▶ [Dataset entries]:

*** Begin section ***

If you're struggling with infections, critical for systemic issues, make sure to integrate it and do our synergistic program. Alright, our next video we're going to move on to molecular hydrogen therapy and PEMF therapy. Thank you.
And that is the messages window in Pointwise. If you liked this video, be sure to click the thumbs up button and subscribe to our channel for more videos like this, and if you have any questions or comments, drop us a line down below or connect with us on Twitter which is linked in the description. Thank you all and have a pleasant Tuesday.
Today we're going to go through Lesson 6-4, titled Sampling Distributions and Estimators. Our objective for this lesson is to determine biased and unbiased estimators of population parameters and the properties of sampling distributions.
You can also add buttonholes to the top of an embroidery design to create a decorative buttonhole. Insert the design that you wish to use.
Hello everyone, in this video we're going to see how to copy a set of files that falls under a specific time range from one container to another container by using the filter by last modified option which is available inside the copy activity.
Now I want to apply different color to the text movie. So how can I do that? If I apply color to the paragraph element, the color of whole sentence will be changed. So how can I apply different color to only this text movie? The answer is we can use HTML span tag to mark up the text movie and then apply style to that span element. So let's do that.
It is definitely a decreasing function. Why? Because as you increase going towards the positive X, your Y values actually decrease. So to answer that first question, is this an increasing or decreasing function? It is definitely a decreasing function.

*** End section ***
*** Begin section ***

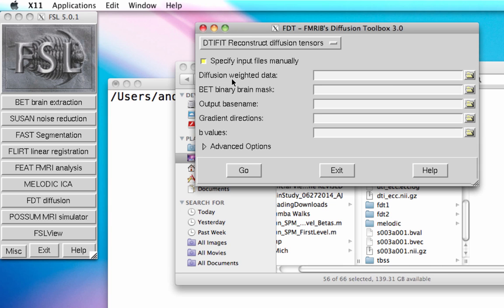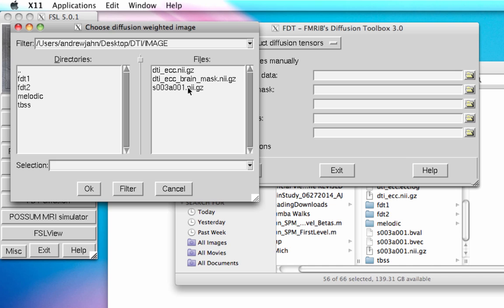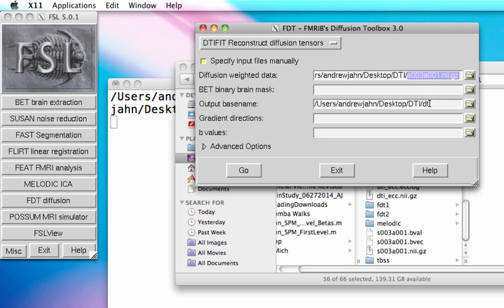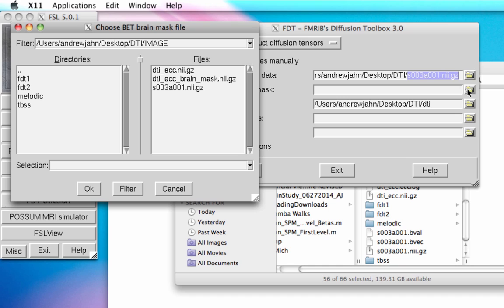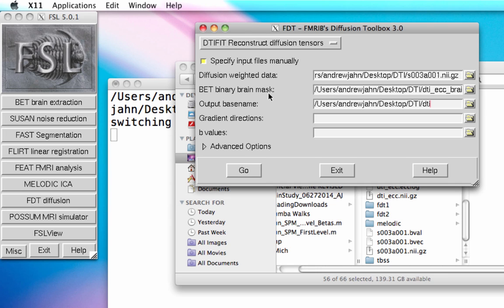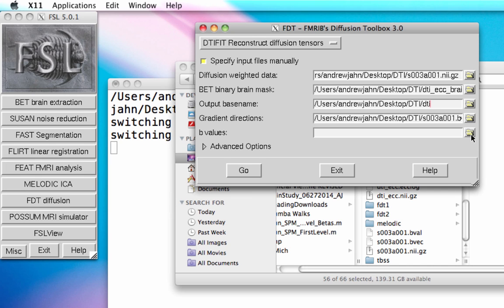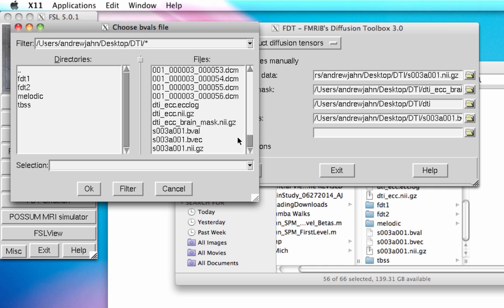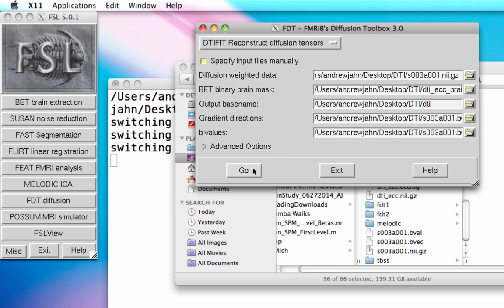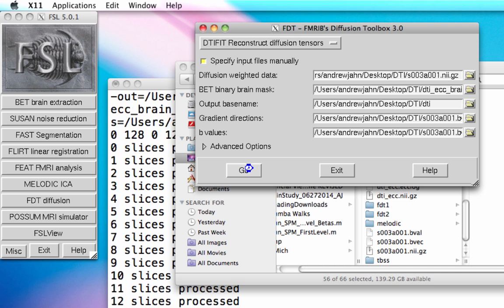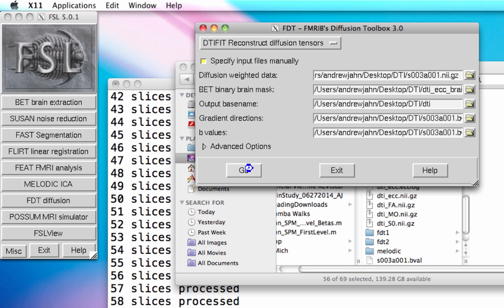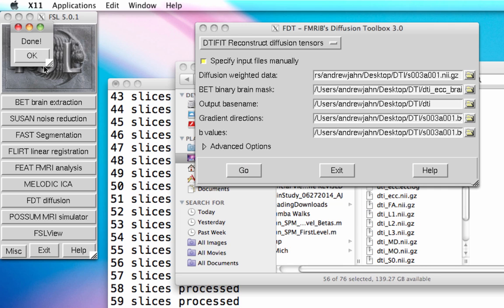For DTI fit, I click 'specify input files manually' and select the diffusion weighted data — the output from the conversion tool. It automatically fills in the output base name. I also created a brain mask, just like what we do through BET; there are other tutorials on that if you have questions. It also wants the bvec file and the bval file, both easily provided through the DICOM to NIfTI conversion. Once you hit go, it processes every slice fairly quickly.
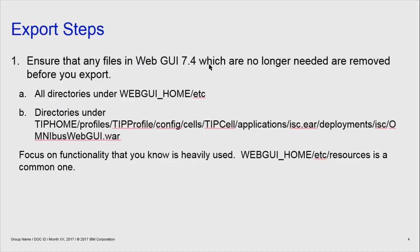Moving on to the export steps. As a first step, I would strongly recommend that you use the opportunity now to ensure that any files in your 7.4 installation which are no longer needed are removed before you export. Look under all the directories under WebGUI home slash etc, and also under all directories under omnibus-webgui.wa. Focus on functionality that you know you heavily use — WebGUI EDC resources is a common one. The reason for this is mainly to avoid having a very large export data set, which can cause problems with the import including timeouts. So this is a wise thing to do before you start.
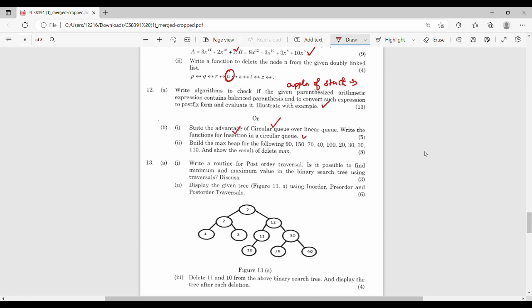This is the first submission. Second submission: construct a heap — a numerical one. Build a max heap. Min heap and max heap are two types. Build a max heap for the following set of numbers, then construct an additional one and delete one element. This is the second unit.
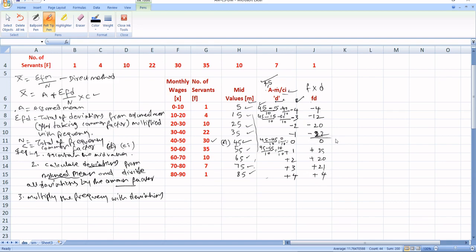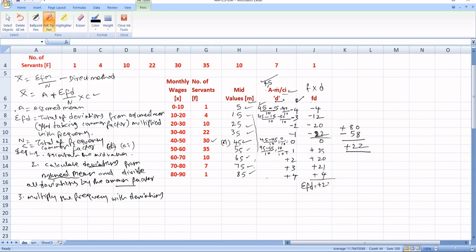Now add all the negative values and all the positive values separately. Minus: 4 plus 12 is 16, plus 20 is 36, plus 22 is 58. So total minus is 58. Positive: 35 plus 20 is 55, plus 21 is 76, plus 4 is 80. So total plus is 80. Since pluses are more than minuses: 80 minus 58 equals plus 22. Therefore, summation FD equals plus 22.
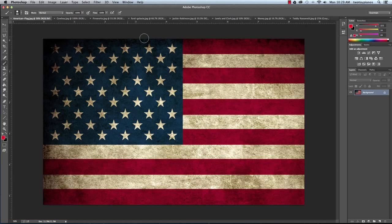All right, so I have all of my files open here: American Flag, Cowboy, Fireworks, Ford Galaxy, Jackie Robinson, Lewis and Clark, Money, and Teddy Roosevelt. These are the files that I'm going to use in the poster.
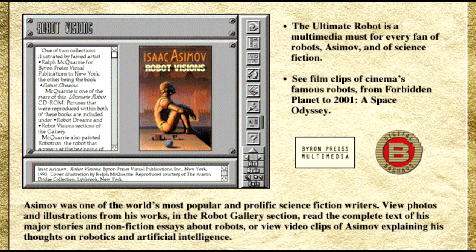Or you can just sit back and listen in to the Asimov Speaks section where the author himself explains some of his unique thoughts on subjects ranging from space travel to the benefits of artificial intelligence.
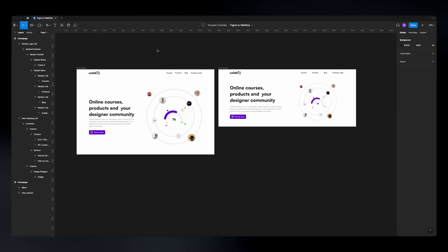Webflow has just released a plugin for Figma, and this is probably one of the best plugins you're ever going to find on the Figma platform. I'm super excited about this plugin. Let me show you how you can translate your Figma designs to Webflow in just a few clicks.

*** End section ***
*** Begin section ***

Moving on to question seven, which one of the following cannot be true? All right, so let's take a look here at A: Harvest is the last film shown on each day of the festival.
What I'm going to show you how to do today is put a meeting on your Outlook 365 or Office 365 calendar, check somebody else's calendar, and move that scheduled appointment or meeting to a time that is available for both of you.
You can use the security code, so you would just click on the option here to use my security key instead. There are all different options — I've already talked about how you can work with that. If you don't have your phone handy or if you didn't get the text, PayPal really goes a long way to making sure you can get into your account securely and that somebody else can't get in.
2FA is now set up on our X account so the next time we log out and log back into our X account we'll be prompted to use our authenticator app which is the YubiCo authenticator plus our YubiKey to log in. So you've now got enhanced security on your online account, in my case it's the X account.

*** End section ***

▶ [Required work]:
Print the lines above from the one with "Today we're going" through the one with "You can also", both included, exactly as written and nothing more.

▶ [Response below]:
Today we're going to go through Lesson 6-4, titled Sampling Distributions and Estimators. Our objective for this lesson is to determine biased and unbiased estimators of population parameters and the properties of sampling distributions.
You can also add buttonholes to the top of an embroidery design to create a decorative buttonhole. Insert the design that you wish to use.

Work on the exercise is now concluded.